+++ Records shown

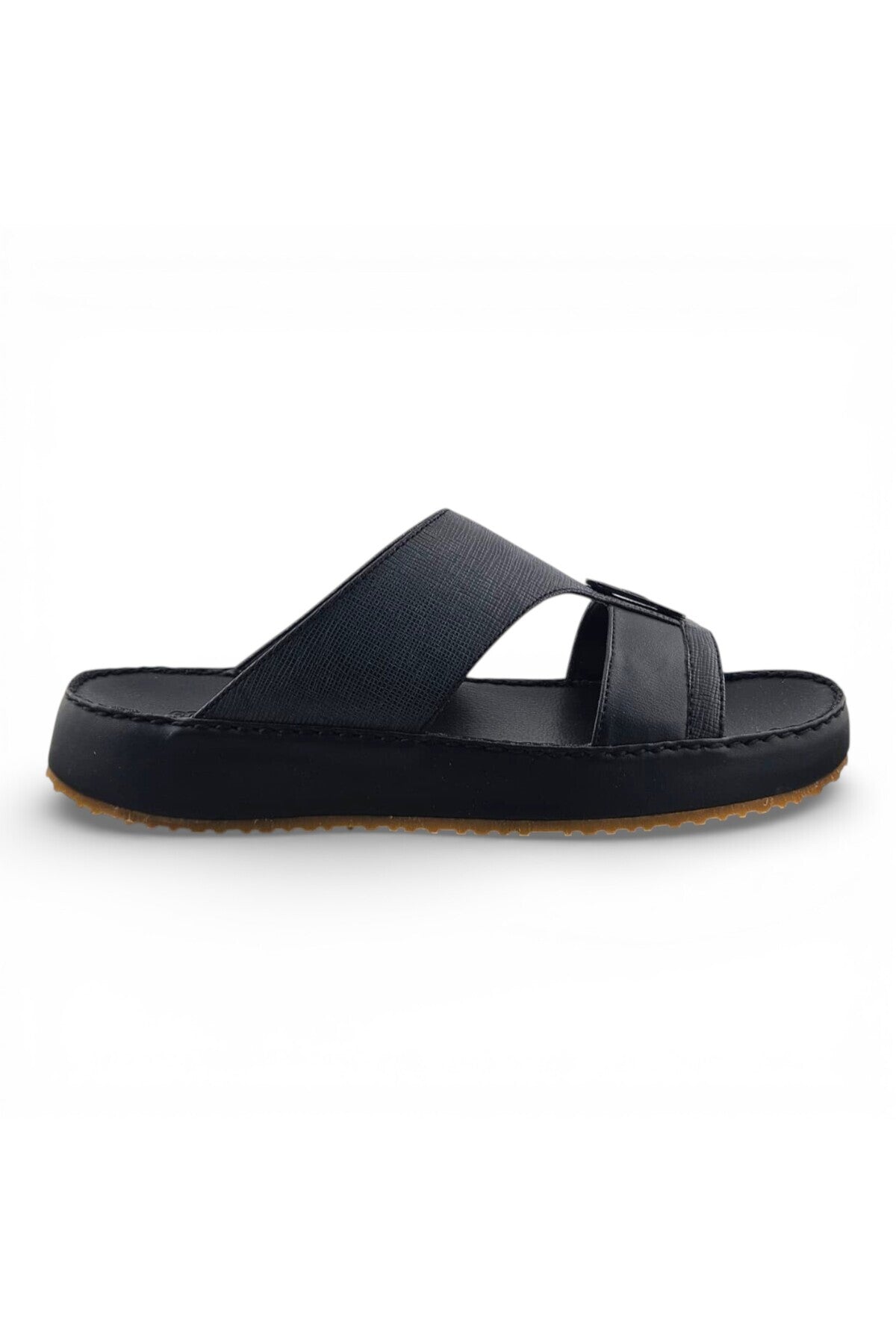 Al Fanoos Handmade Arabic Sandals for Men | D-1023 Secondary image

++++++
+++ Records shown

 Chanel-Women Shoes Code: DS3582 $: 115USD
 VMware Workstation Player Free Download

++++++
+++ Records shown

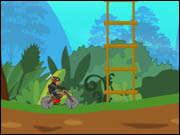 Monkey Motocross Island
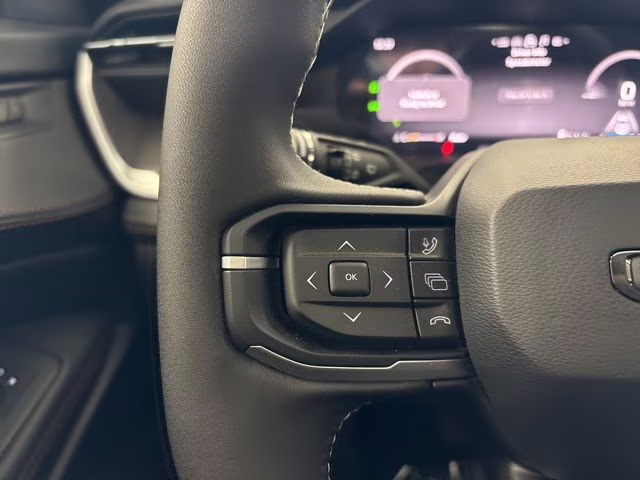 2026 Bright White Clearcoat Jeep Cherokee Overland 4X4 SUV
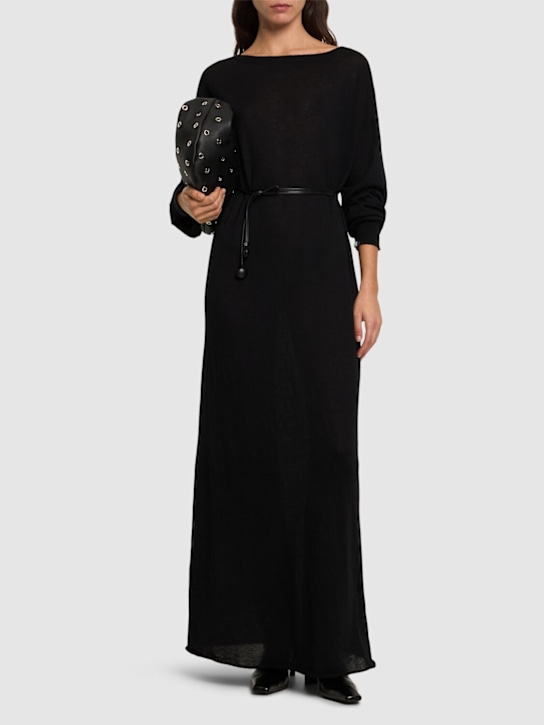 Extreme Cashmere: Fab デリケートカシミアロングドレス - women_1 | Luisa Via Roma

++++++

• **Work order**:
Output the material above exactly, but only from the line that carries "Chanel-Women Shoes Code: DS3582 $: 115USD" through the line that carries "VMware Workstation Player Free Download".

• **Problem solution**:
 Chanel-Women Shoes Code: DS3582 $: 115USD
 VMware Workstation Player Free Download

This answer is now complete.